At the monthly giveaway held at Liberty Baptist Church in Gallatin, Tenn., needy Sumner County residents receive a box of meat, a box of dry goods and a box of bread and pastries – plus apples, oranges and onions.
As people waited outside, volunteers inside prepared for the doors to open. They finished organizing the food – enough for 160 people – and received final instructions in the church’s sanctuary.
“You may be the only Bible some of these people ever read,” one of the organizers told them. Smile. Be nice.
Among the volunteers was a group of Union University students spending the week in nearby Hendersonville as part of a Global Outreach trip. Union sent out 12 such teams during spring break, both domestically and internationally, with about 150 students participating.
The Hendersonville team worked with Redeemer Church, a congregation started by Union University alumnus Jamie Mosley only 18 months ago. Union students helped Mosley and other church members with a variety of outreach efforts during the week, including a cookout at Volunteer State Community College, neighborhood evangelism and handing out water bottles at the YMCA.
“The stuff we’re doing this week, there’s no way we could pull it all off if we didn’t have a team,” Mosley said. “Everything we’re asking the team to do is pushing us as a church toward where we feel like we need to be, and they’re just helping us.”
Samantha Adams, a Union University junior from Glendale, Ky., said the trip taught her the importance of serving alongside other church members.
“I got to see how encouraging each other made a much bigger impact than I expected,” Adams said. “My teammates really did spur one another on to good works for God's glory.”
At the cookout at Vol State, the Union volunteers served hamburgers and hot dogs to about 150 people. By the end of their time that day, a sign-up sheet for students who were interested in participating in a Bible study contained more than 70 names.
During the morning at the Sumner County Food Bank, Union students helped organize and distribute the food, with the women handing out the food to those who had come, and the men loading the boxes on hand trucks and wheeling it out to vehicles.
At other times during the week, the Union students walked through local neighborhoods, talking to residents and handing out flyers inviting them to a cookout that Redeemer Church was holding.

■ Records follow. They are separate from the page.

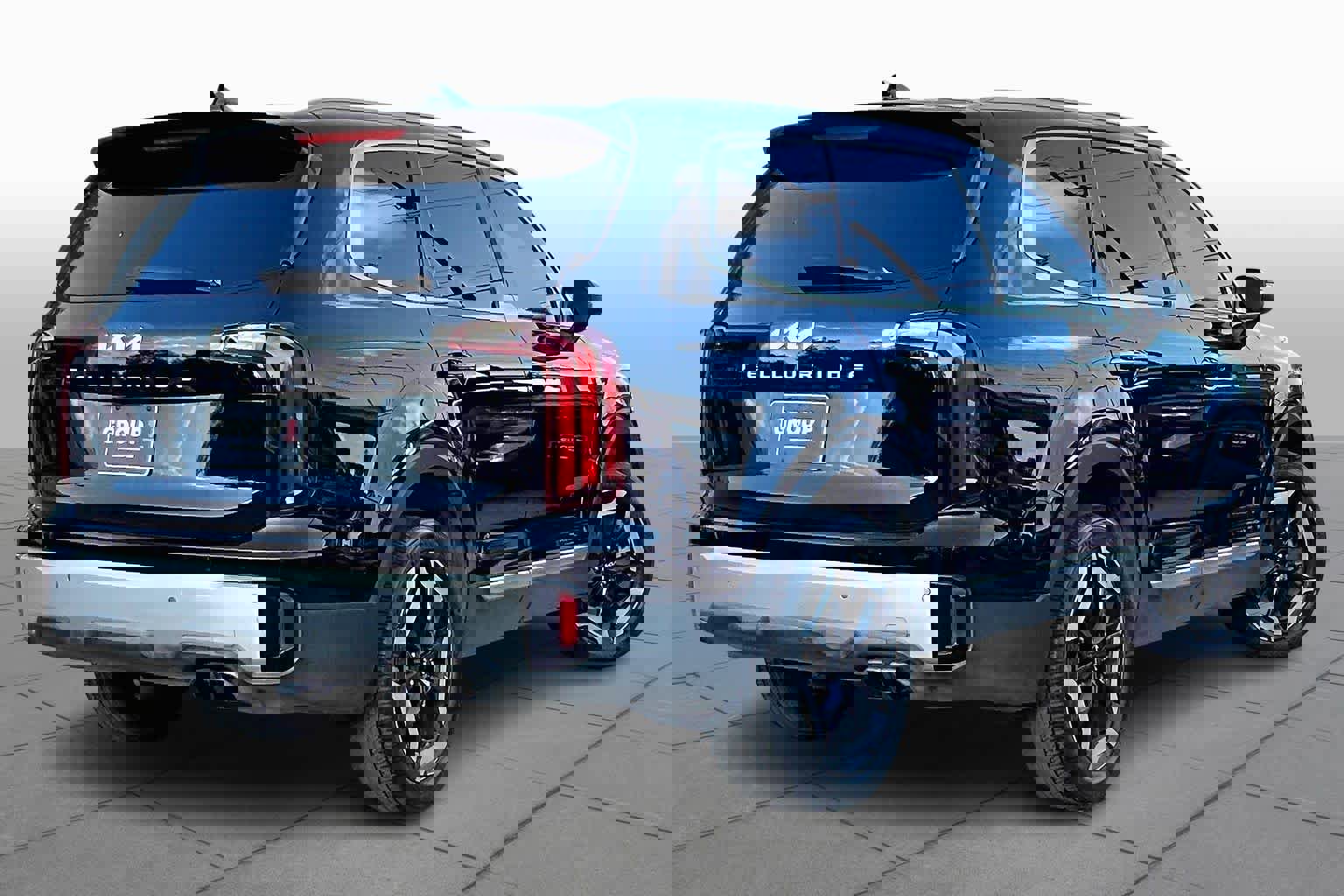 Used 2023 Kia Telluride S image 11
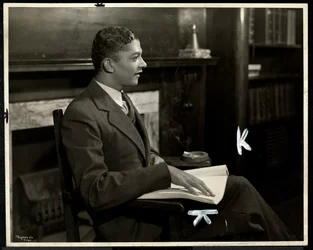 Portrét slepého Afroameričana čtoucího Braillovo písmo v New York Association for the Blind, 111 East 59th Street, New York, 1935 (stříbrný želatinový tisk)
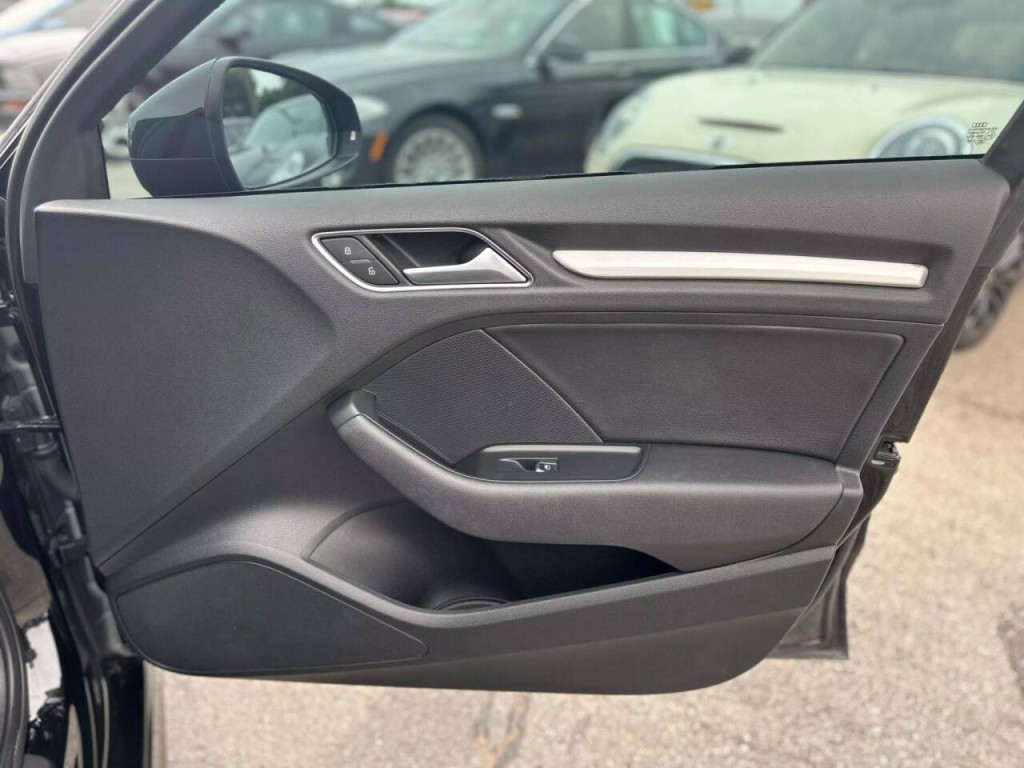 2016 Audi S3 Image 22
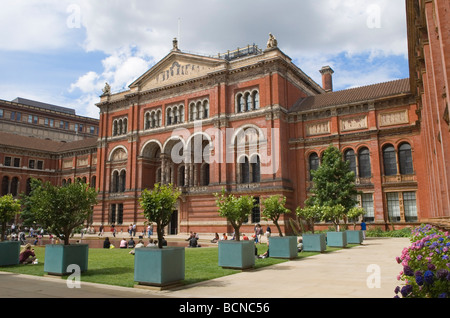 Victoria and Albert Museum London England The John Madejski Garden 2009 2000s HOMER SYKES Stockfoto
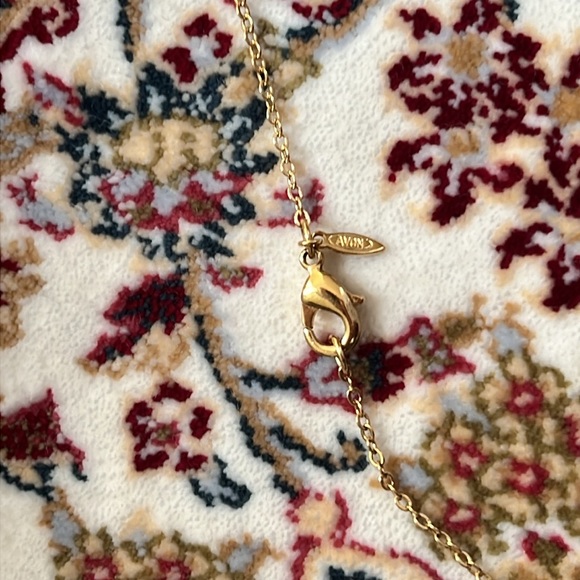 Vintage Avon Necklace - Picture 4 of 7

“We’ve had some great opportunities to get out and to serve,” said Union enrollment counselor Matthew Marshall, who led the team. “We were able to give out free food and have a lot of really good conversations about Christ and about the gospel.”
Marshall added that the members of Redeemer Church “have been encouraged by our being here, and it’s kind of emboldened them to get out as well into the community.”
Such an impact on the church members was one of Mosley’s goals. Most churches have ideas for types of ministry, but get busy with other things and never get around to those ideas, he said. By having the Union team on the calendar, it forced him and other church members to pursue the outreach efforts they had been planning to do.
“Everything they’re doing this week feels like a shotgun, but the thread that holds it all together is, these are things that we desire to do as a church,” Mosley said.
For Adams, the week was a reminder of what she and other Union students can do not just on special mission trips, but every week of the year.
“Seeing Redeemer Church members seeking to be bold about the gospel in their neighborhoods challenged me,” she said. “Everything we did in Hendersonville we could also do in a five-minute’s walk off Union’s campus.”